⟨

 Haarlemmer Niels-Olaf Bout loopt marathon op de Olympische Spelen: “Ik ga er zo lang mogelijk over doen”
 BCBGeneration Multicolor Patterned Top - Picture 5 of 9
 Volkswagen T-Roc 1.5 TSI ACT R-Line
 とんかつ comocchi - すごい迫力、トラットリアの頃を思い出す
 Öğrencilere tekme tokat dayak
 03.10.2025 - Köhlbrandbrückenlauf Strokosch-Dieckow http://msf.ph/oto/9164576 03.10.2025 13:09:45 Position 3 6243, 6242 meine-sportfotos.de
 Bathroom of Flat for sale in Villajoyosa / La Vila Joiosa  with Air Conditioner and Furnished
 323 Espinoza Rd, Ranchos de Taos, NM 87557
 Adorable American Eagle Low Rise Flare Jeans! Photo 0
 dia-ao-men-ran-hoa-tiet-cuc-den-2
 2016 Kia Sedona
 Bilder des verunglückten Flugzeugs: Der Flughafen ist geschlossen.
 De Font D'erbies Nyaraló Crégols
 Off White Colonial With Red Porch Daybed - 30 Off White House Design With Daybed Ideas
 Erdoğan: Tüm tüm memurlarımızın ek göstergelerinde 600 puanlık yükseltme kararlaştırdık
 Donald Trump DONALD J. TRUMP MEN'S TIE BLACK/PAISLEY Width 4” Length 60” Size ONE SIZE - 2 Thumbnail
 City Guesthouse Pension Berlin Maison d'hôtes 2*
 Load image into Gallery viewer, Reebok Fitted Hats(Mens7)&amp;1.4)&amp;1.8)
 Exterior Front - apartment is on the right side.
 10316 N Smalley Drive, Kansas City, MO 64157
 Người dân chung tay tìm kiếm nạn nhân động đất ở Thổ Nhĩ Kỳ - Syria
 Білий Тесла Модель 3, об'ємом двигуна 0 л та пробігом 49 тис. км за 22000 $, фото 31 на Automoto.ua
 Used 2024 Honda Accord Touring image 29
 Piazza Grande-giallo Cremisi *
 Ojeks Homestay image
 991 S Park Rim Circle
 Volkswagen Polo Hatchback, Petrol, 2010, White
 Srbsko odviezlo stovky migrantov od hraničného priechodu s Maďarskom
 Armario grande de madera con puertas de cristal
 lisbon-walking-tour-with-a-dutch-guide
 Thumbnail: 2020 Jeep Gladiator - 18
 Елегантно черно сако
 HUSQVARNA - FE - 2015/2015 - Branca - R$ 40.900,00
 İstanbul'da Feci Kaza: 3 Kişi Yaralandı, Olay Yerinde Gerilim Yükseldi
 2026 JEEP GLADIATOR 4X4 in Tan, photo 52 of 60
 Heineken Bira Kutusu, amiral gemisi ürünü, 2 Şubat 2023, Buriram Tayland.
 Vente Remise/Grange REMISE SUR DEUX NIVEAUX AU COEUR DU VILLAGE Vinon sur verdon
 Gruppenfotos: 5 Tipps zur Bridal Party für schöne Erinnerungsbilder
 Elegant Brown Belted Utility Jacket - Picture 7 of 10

⟩

#### WHAT IS REQUIRED:
Taking the line with "Volkswagen T-Roc 1.5 TSI ACT R-Line" as the first and the line with "Piazza Grande-giallo Cremisi *" as the last, retype that stretch of the data above exactly, with no other lines.

#### TASK OUTPUT:
 Volkswagen T-Roc 1.5 TSI ACT R-Line
 とんかつ comocchi - すごい迫力、トラットリアの頃を思い出す
 Öğrencilere tekme tokat dayak
 03.10.2025 - Köhlbrandbrückenlauf Strokosch-Dieckow http://msf.ph/oto/9164576 03.10.2025 13:09:45 Position 3 6243, 6242 meine-sportfotos.de
 Bathroom of Flat for sale in Villajoyosa / La Vila Joiosa  with Air Conditioner and Furnished
 323 Espinoza Rd, Ranchos de Taos, NM 87557
 Adorable American Eagle Low Rise Flare Jeans! Photo 0
 dia-ao-men-ran-hoa-tiet-cuc-den-2
 2016 Kia Sedona
 Bilder des verunglückten Flugzeugs: Der Flughafen ist geschlossen.
 De Font D'erbies Nyaraló Crégols
 Off White Colonial With Red Porch Daybed - 30 Off White House Design With Daybed Ideas
 Erdoğan: Tüm tüm memurlarımızın ek göstergelerinde 600 puanlık yükseltme kararlaştırdık
 Donald Trump DONALD J. TRUMP MEN'S TIE BLACK/PAISLEY Width 4” Length 60” Size ONE SIZE - 2 Thumbnail
 City Guesthouse Pension Berlin Maison d'hôtes 2*
 Load image into Gallery viewer, Reebok Fitted Hats(Mens7)&amp;1.4)&amp;1.8)
 Exterior Front - apartment is on the right side.
 10316 N Smalley Drive, Kansas City, MO 64157
 Người dân chung tay tìm kiếm nạn nhân động đất ở Thổ Nhĩ Kỳ - Syria
 Білий Тесла Модель 3, об'ємом двигуна 0 л та пробігом 49 тис. км за 22000 $, фото 31 на Automoto.ua
 Used 2024 Honda Accord Touring image 29
 Piazza Grande-giallo Cremisi *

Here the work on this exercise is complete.